Pictures in the records below must be left out. Return exactly the lines from the line with "Hi guys, long" to the line with "We know you'll", both included.

*** Opening Data under study ***

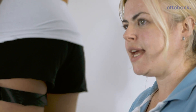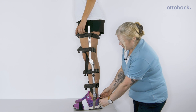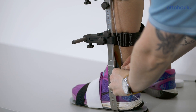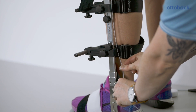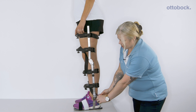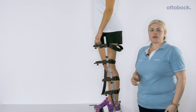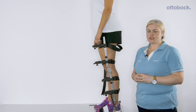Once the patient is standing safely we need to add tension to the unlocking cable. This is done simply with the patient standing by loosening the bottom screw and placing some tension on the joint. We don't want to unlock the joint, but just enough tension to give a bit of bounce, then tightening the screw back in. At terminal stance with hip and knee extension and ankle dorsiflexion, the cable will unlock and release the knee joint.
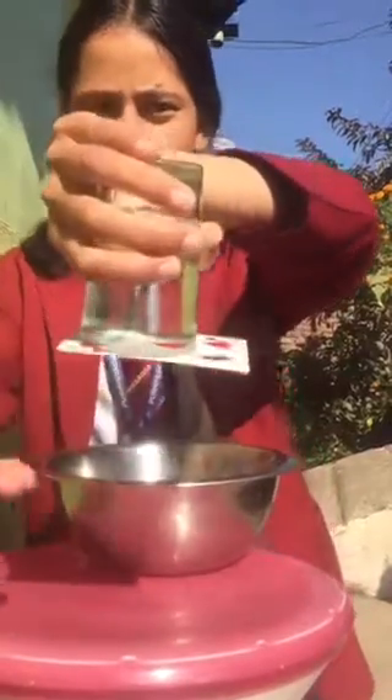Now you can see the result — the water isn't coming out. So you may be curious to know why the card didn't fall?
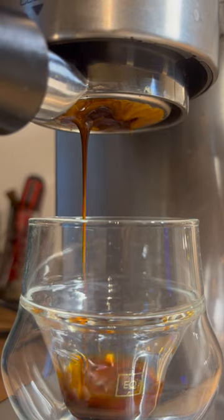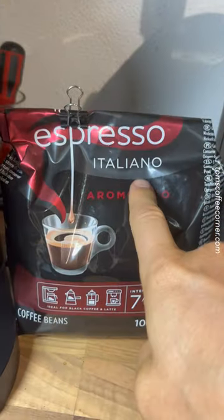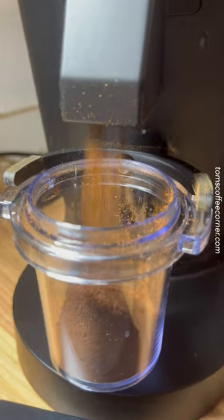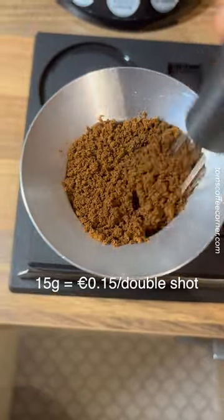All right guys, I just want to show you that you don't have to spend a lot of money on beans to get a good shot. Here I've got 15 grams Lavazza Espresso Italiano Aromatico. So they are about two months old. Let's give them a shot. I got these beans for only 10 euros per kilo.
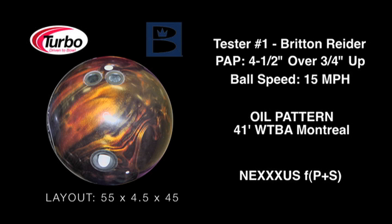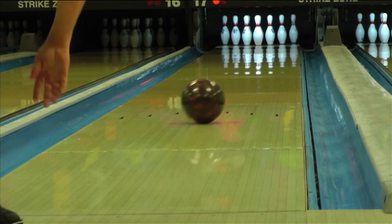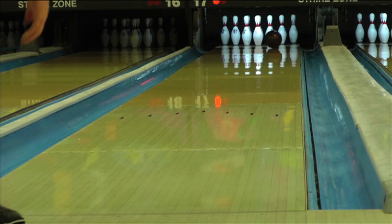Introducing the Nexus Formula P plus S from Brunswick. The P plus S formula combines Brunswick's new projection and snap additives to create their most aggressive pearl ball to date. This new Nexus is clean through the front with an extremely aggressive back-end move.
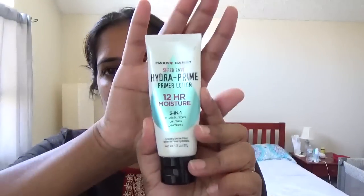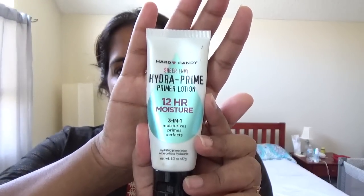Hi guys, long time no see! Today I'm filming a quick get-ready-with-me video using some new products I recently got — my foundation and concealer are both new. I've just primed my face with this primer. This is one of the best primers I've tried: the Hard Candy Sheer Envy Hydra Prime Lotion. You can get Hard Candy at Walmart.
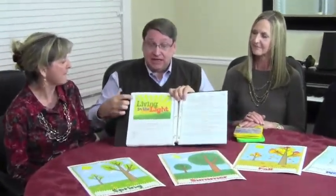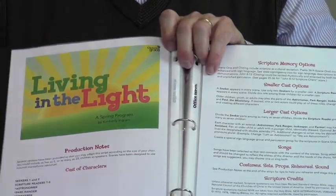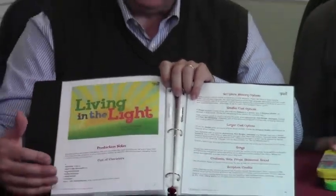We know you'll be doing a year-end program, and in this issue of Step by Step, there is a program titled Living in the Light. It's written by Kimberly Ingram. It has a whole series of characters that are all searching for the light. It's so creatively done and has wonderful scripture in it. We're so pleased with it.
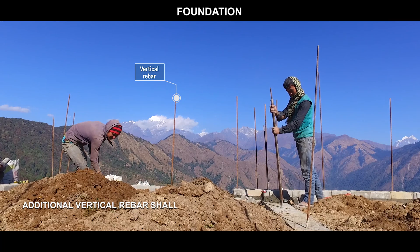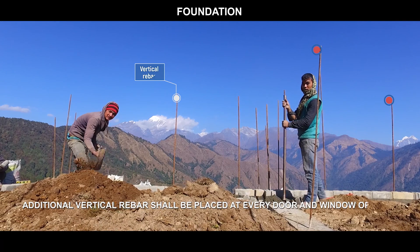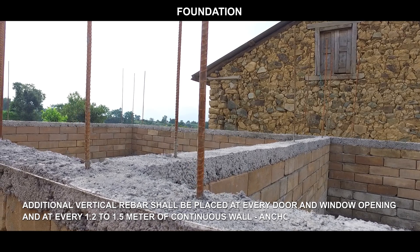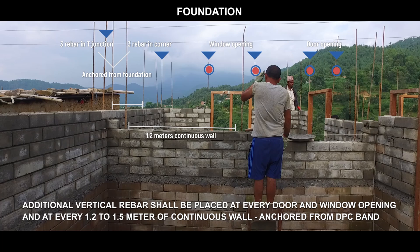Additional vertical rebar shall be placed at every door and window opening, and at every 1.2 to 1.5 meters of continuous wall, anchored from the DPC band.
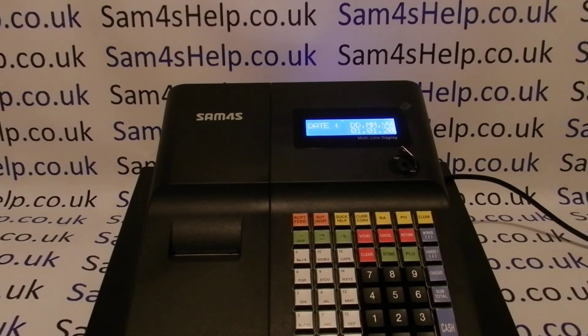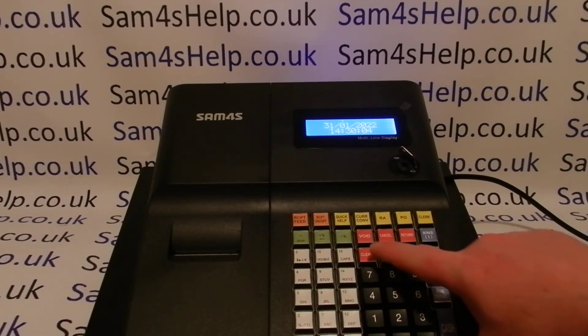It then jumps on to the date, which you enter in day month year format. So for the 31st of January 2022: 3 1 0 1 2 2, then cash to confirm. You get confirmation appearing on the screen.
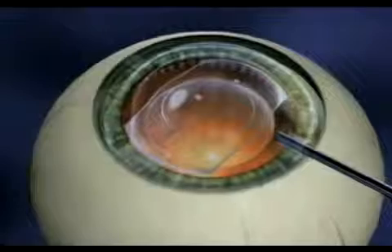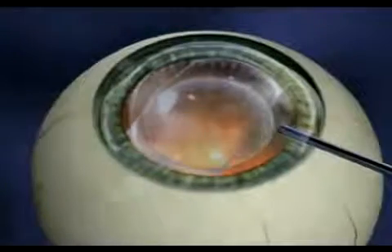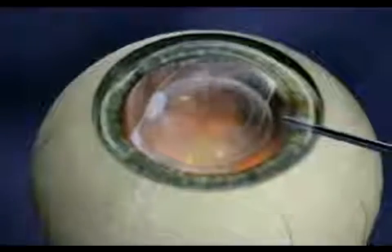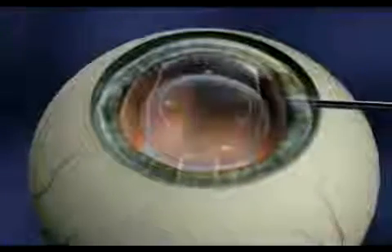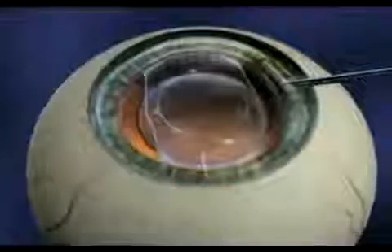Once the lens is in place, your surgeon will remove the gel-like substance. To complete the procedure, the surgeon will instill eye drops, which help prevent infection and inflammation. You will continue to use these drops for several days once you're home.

*** Closing Data under study ***

Exercise solution
Hi guys, long time no see! Today I'm filming a quick get-ready-with-me video using some new products I recently got — my foundation and concealer are both new. I've just primed my face with this primer. This is one of the best primers I've tried: the Hard Candy Sheer Envy Hydra Prime Lotion. You can get Hard Candy at Walmart.
We know you'll be doing a year-end program, and in this issue of Step by Step, there is a program titled Living in the Light. It's written by Kimberly Ingram. It has a whole series of characters that are all searching for the light. It's so creatively done and has wonderful scripture in it. We're so pleased with it.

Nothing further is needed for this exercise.